39 days ago, the Australian island of Tasmania was placed under quarantine, ostensibly on the grounds that it was affected by plague. Bryan Everett receives a call from his sister Molly, urging him to go into the quarantine zone to find his younger brother Sam. Sam’s notebooks are filled with bizarre claims about spirit creatures that can only be detected with an infra-red camera or in their disruption of radio waves, and instructions about how to hide from them by covering oneself with the ashes of the dead. Smuggling ashore, Bryan sets about following Sam’s trail to find his whereabouts, all the while trying to avoid the ghostly creatures.


Jason Trost began directing, writing and starring in his own short films in 2007. He made his feature-length debut with The FP (2011) and went onto the non-genre Wet and Reckless (2013) and the low-budget superhero film All Superheroes Die (2011). Subsequent to this, Trost made sequels to his earlier films with All Superheroes Must Die: The Last Superhero (2016) and FP2: Beats of Rage (2018). He had made small acting appearances in a number of other films, most substantially as a deputy in Hatchet III (2013). Trost would appear to have fans in Australia and received Australian financing to shoot How to Save Us in Tasmania, the island to the southeast that is regarded as the boondocks by fairly much everybody who lives in the rest of the country.

How to Save Us is a borderland zone film that reminds of works such as Stalker (1979) or Monsters (2010) that are set in mysterious terrestrial zones where something alien has happened to alter the terrain into an eerily otherworldly place or where the regular rules no longer apply. Australians have ventured into this territory before with films such as the classic The Picnic at Hanging Rock (1975), Incident at Raven’s Gate (1988) and the also Tasmanian-set tv series The Kettering Incident (2016).

I cannot say that I was a fan of All Superheroes Must Die but I was surprised by How to Save Us. Jason Trost has made a film on minimal resources – there are only two actors present and he plays one of them. Most of the film consists of Trost or Coy Jandreau as his brother walking through the fields and deserted townships of Tasmania. There is no almost dialogue – for the simple reason that the characters do not share any screen time – and the only spoken words that come throughout are from either’s voiceover narration. The only other character present is Tallay Wickham as the sister and she is only heard in a phone conversation with Trost at the start of the film. (For that matter, there is not a single scene in the film in which any of the characters share screen time together or with any other people).

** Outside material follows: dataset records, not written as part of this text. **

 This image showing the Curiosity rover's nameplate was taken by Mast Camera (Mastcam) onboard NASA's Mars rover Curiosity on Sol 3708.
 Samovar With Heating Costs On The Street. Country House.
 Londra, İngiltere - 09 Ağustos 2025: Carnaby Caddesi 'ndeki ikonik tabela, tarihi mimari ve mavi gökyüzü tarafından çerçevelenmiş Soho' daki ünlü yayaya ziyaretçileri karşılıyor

In many ways, what we have is a highly experimental film – one that has eschewed any kind of dramatic structure (there is no real plot to it) and mostly consists of characters walking through empty fields and/or the local bush.

Bryan (director Jason Trost) travelling into deserted Tasmania in search of his brother (Coy Jandreau) in How to Save Us (2014)
Bryan (director Jason Trost) (r) travelling into deserted Tasmania in search of his brother (Coy Jandreau) (l)

Despite this, How to Save Us absorbs with its intensely mysterious atmosphere. Even despite its lack of plot, the film holds you to it puzzled and wanting to know what is going on. Trost has created a uniquely original series of creatures and a fascinating set of rules for their behaviour/avoiding them. I genuinely reached the end of the film uncertain as to whether How to Save Us can be classified as science-fiction, as was my original assumption, or as fantasy/horror.

The biggest disappointment comes at the end where the film fragments off into a lack of answers. [PLOT SPOILERS]. Trost’s protagonist reaches an island and seems to enter a set of ruins that have been littered with items from his childhood where he wanders through encountering memories of the past. This left me unclear if this was some type of allegorical trip through the unconscious or we were meant to take the scenes literally and accept that the spirit beings had physically arranged items there for him to find. This resembles the climaxes of films like Solaris (1972) and Contact (1997), which have their respective protagonists travel into confrontation with the unknown only to find that what they bring with them/project onto the infinite is their unresolved family issues. The film trails off with a series of unresolved questions – what are the other-dimensional entities? Are they ghosts? Why have they taken over Tasmania and in a way that seems to resemble more an alien invasion than a haunting? This is a film that does fantastically well in the build-up but falters when it comes to the payoff.